- [RECORDED DATA]:
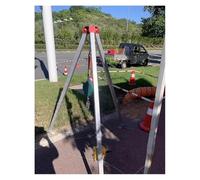 Kit ajustable Tr para espacios reducidos con herramienta de cabrestante de 1200 1800 2600 libras para túnel de alcantarillado y elevación de pozos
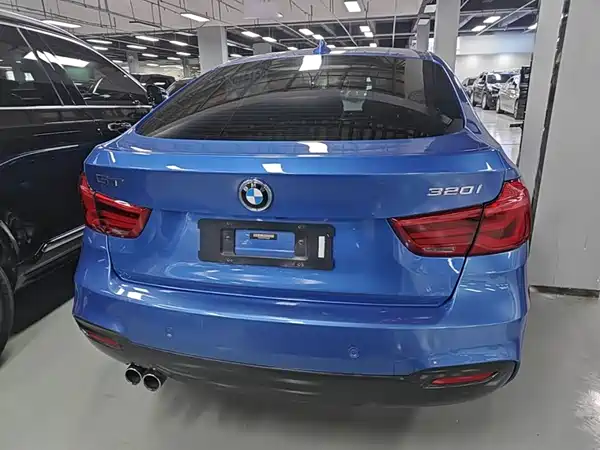 BMW 3 Series GT 2017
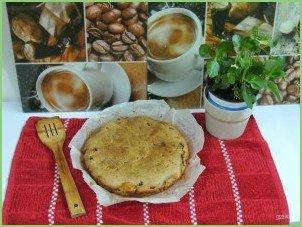 Заливной пирог с фаршем на скорую руку - фото шаг 6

- [TASK DETAILS]: Render the data above verbatim and without pictures.

- [WRITTEN REPLY]:
 Kit ajustable Tr para espacios reducidos con herramienta de cabrestante de 1200 1800 2600 libras para túnel de alcantarillado y elevación de pozos
 BMW 3 Series GT 2017
 Заливной пирог с фаршем на скорую руку - фото шаг 6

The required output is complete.